§ Exercise directions
From the first entry to the last, copy each one exactly.

§ Source records
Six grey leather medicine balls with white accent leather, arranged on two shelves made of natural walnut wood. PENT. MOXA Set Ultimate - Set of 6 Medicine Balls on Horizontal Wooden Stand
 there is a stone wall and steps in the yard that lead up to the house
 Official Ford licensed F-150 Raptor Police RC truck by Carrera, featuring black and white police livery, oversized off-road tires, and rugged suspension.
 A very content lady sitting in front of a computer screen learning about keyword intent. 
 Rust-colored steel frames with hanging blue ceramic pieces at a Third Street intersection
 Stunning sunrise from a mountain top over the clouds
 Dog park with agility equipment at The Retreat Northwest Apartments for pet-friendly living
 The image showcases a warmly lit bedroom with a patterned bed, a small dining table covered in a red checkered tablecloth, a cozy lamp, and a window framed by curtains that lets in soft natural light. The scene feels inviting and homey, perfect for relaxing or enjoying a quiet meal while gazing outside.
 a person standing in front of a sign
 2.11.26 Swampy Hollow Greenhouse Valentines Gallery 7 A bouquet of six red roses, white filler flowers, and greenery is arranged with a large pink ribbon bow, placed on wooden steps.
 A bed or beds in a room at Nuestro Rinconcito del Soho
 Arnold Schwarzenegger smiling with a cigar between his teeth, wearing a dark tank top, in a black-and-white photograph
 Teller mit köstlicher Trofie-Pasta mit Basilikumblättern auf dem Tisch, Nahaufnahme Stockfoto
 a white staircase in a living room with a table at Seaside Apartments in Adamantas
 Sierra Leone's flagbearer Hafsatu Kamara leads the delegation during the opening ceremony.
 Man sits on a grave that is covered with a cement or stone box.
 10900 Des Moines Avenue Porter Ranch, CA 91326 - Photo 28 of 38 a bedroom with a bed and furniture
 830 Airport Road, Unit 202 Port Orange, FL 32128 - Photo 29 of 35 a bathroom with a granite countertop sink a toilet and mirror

§ Output below
Six grey leather medicine balls with white accent leather, arranged on two shelves made of natural walnut wood. PENT. MOXA Set Ultimate - Set of 6 Medicine Balls on Horizontal Wooden Stand
 there is a stone wall and steps in the yard that lead up to the house
 Official Ford licensed F-150 Raptor Police RC truck by Carrera, featuring black and white police livery, oversized off-road tires, and rugged suspension.
 A very content lady sitting in front of a computer screen learning about keyword intent. 
 Rust-colored steel frames with hanging blue ceramic pieces at a Third Street intersection
 Stunning sunrise from a mountain top over the clouds
 Dog park with agility equipment at The Retreat Northwest Apartments for pet-friendly living
 The image showcases a warmly lit bedroom with a patterned bed, a small dining table covered in a red checkered tablecloth, a cozy lamp, and a window framed by curtains that lets in soft natural light. The scene feels inviting and homey, perfect for relaxing or enjoying a quiet meal while gazing outside.
 a person standing in front of a sign
 2.11.26 Swampy Hollow Greenhouse Valentines Gallery 7 A bouquet of six red roses, white filler flowers, and greenery is arranged with a large pink ribbon bow, placed on wooden steps.
 A bed or beds in a room at Nuestro Rinconcito del Soho
 Arnold Schwarzenegger smiling with a cigar between his teeth, wearing a dark tank top, in a black-and-white photograph
 Teller mit köstlicher Trofie-Pasta mit Basilikumblättern auf dem Tisch, Nahaufnahme Stockfoto
 a white staircase in a living room with a table at Seaside Apartments in Adamantas
 Sierra Leone's flagbearer Hafsatu Kamara leads the delegation during the opening ceremony.
 Man sits on a grave that is covered with a cement or stone box.
 10900 Des Moines Avenue Porter Ranch, CA 91326 - Photo 28 of 38 a bedroom with a bed and furniture
 830 Airport Road, Unit 202 Port Orange, FL 32128 - Photo 29 of 35 a bathroom with a granite countertop sink a toilet and mirror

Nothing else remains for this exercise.